:: Required action ::
Copy out the whole listing exactly as written, leaving the pictures behind.

:: Recorded information ::
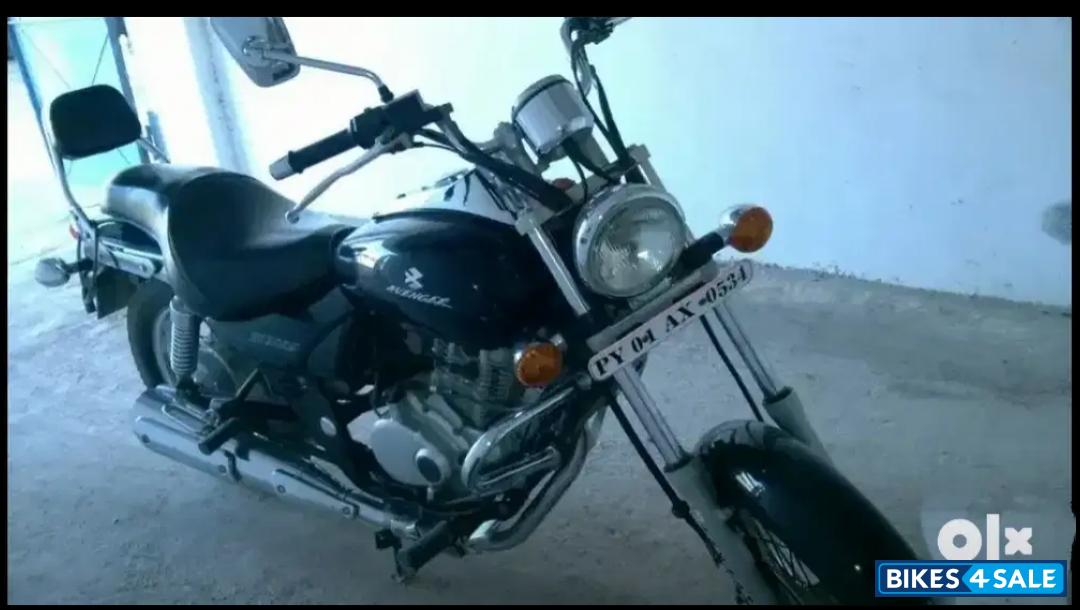 Bajaj Avenger 200 DTS-i Bajaj Avenger 200 DTS-i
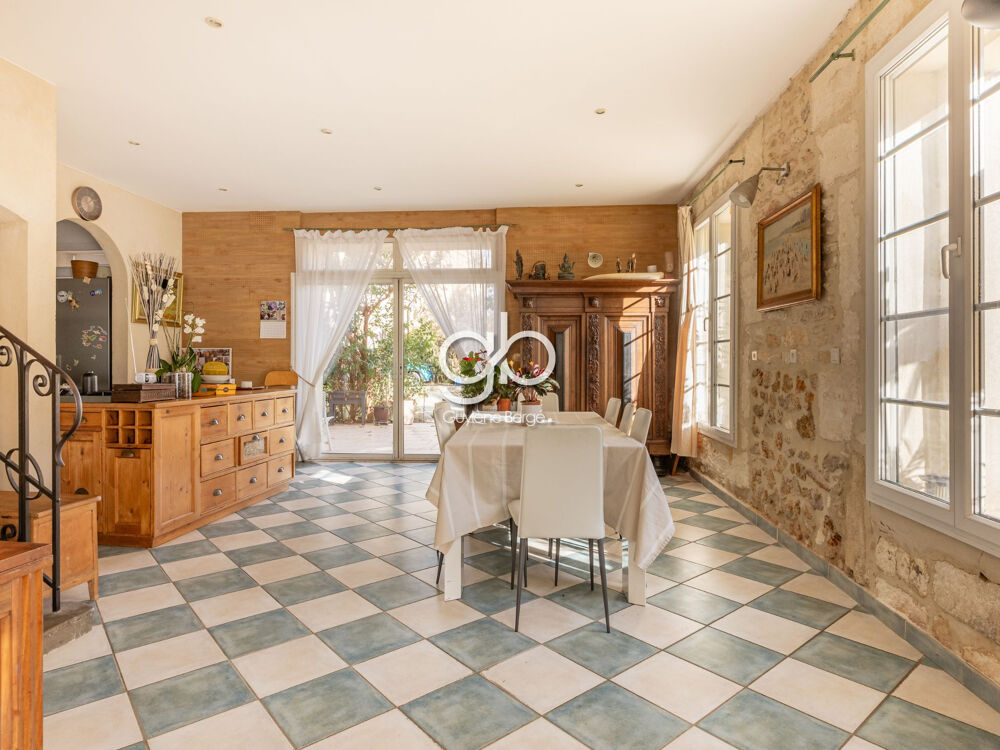 Vente Maison Maison de caract�re   283 m2   Piscine   Jardin paysager   Proche centre Montpellier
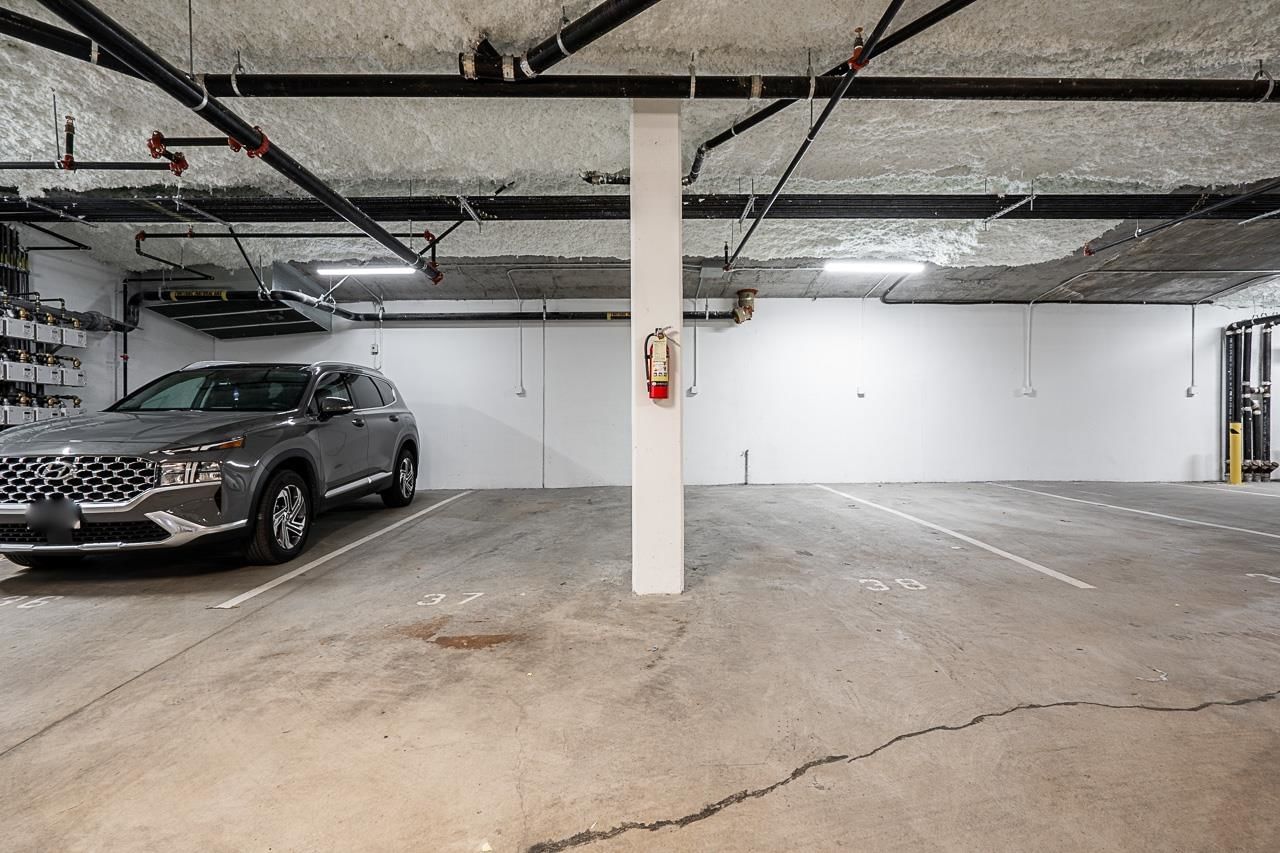 Listing Image 37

:: Answer below ::
 Bajaj Avenger 200 DTS-i Bajaj Avenger 200 DTS-i
 Vente Maison Maison de caract�re   283 m2   Piscine   Jardin paysager   Proche centre Montpellier
 Listing Image 37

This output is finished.